Stuck on an issue?

Lightrun Answers was designed to reduce the constant googling that comes with debugging 3rd party libraries. It collects links to all the places you might be looking at while hunting down a tough bug.

And, if you’re still stuck at the end, we’re happy to hop on a call to see how we can help out.

Communication timeout on DGX-2 with UCX+NVLink

See original GitHub issue

We’ve been experiencing a communication timeout on a DGX-2 with UCX+NVlink for a particular problem.

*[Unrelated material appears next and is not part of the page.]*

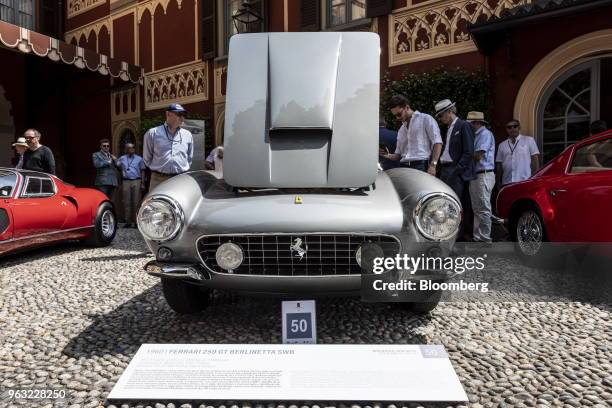 The hood of a 1960 Ferrari NV 250 GT Berlinetta SWB is opened for visitors at the 2018 Concorso D'Eleganza at Villa d'Este in Cernobbio, Italy, on...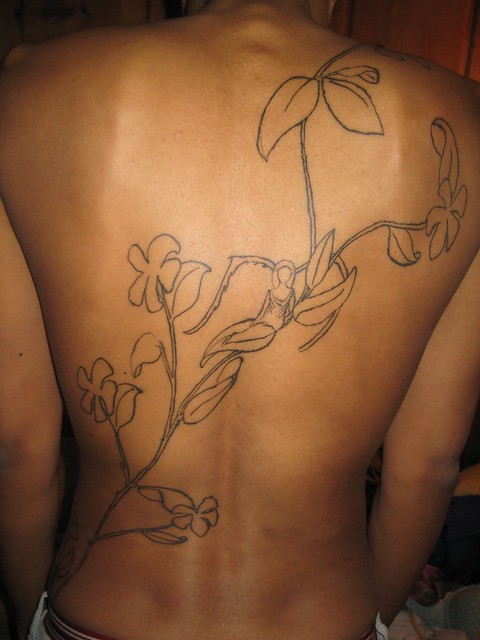The design is a vine of jasmine leaves and flowers with an angel sitting on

The code is below, but I can’t share data due to its size (210GB):

import time
import sys
import dask_cudf
import cudf
import cupy
import numpy as np
import cupy as cp
from distributed import wait

sys.path.append("../../tools/")
from readers import build_reader

from dask.distributed import Client
from dask_cuda import DGX
from dask_cuda.initialize import initialize

from dask_cuda import LocalCUDACluster

# ON/OFF settings for various devices
enable_tcp_over_ucx = True
enable_nvlink = True
enable_infiniband = False
interface="enp134s0f1"
protocol="ucx"


if __name__ == "__main__":
    # initialize client with the same settings as workers
    initialize(create_cuda_context=True,
               enable_tcp_over_ucx=enable_tcp_over_ucx,
               enable_infiniband=enable_infiniband,
               enable_nvlink=enable_nvlink)

    if protocol == "tcp":
        cluster = LocalCUDACluster(protocol='tcp',
                                   silence_logs=False,
                                   interface=interface,
                                   CUDA_VISIBLE_DEVICES=list(range(16)))
    elif protocol == "ucx":
        cluster = LocalCUDACluster(protocol='ucx',
                                   silence_logs=False,
                                   enable_tcp_over_ucx=enable_tcp_over_ucx,
                                   enable_infiniband=enable_infiniband,
                                   enable_nvlink=enable_nvlink,
                                   interface=interface,
                                   ucx_net_devices=interface,
                                   CUDA_VISIBLE_DEVICES=list(range(16)))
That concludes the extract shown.